If this proposal is serious in the first place I think it's obvious it won't be build in new york, london or any european country for that matter. As someone mentioned earlier such place have to meet many different conditions to be right for the project. New york is quite liberal for construction of tall towers but they have zoning plans and height restrictions. There is no place for such tower in this city for legal reasons. Plus it would be tremendously expensive to build it there - it would probably be the most expensive mile tower you can imagine. It's similar in London but unlike in ny in london there is strong local community against tall construction. It's enough to say the shard took something like 10 years till start of the construction. Just imagine the rage caused by the mile tower  It's simply not possible there. I won't even mention Paris it's probably even worse than London. If you are following Tour Phare or Hermitage Twins you know what I'm talking about  And frankly I think it's good thing that such tower won't be build in those old well settled cities because in all cases it would destroy the skyline. Seriously you need forest of 800m towers around it to make it look even remotely acceptable. I think that to make tower like that well integrated you either surround it with tall towers OR you design large plaza with center exposed location for the tower with nothing tall around. This is what they did with burj khalifa and that looks quite ok. Problem is you can only go with this option if you have large empty areas available like deserts or fields. For this reason I think such tower will rise somewhere in one of the Arabian states or in one of those huge build from the ground up Asian (Chinese?) districts. The other reason why I think it will be build there is that both in Dubai or china public opinion or bureaucracy is not a problem. You will have very little problem relocating all districts of small houses in dubai while in the European city it's not possible. Same, you don't have to deal with nimbys in those places. At least I have never heard of chinese local community blocking a single project. And finally it's a lot cheaper to build those places. I'm sure Saudi prince will not think twice if he will have chose between Pakistan and american worker which get payed 5 times as much.


----------



## KillerZavatar (Jun 22, 2010)

CTBUH also mentions it in the news section now: http://www.ctbuh.org/News/GlobalTal...Prince-Looks-to-Pursue-Another-Supertall.aspx


----------



## Archaean (Apr 27, 2013)

Patrykus, why did you capitalize Pakistan and not American in the last sentence of your last post?


----------



## patrykus (May 14, 2008)

For a very mysterious reason I won't reveal to you  


Anyway will edit it for you if that bothers you so much.

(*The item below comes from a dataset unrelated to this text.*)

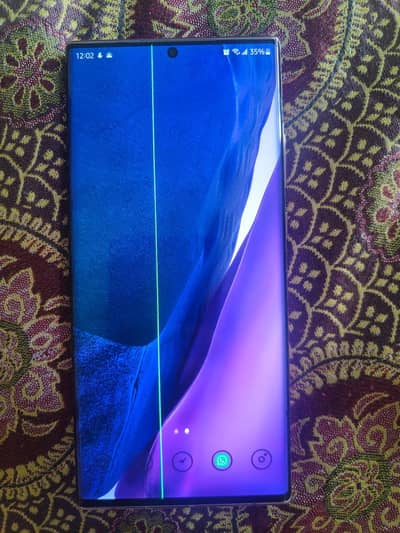 Samsung Mobile Note 20 Ultra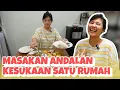 Lagu TIBA-TIBA JADI CHEF, NONA INDAH MAU IKUT CULINARY CLASS WARS?? | INDAH PERMATASARI \u0026 ARIE KRITING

edit: hmm can't edit it. I guess because I edited it before. Sorry, you have to live with that.


----------



## Uaarkson (Feb 11, 2009)

There would be riots in the street if they tried to build this in London, and it would be DOA to NYC's approval process.


----------



## MarshallKnight (Feb 24, 2013)

A mile-high tower would look terribly out of scale almost anywhere you put it. 

Even next to Shanghai's big 3 it would be sort of ludicrous (2.5x as tall as the next tallest), although it still feels to me like the best fit.

Having the Burj already would make it the least out of place in Dubai, but it's hard to see a Saudi prince adding more prestige to an economic rival.

Personally, wouldn't want to see it in NY, at least until there are multiple 2000/2500ft+ towers to balance it out.

One interesting route would be to build a modern version of "The Illinois" in Chicago, with a tip of the hat to Frank Lloyd Wright. But that's a level of deference to an American icon that it's hard to imagine coming from Alwaleed.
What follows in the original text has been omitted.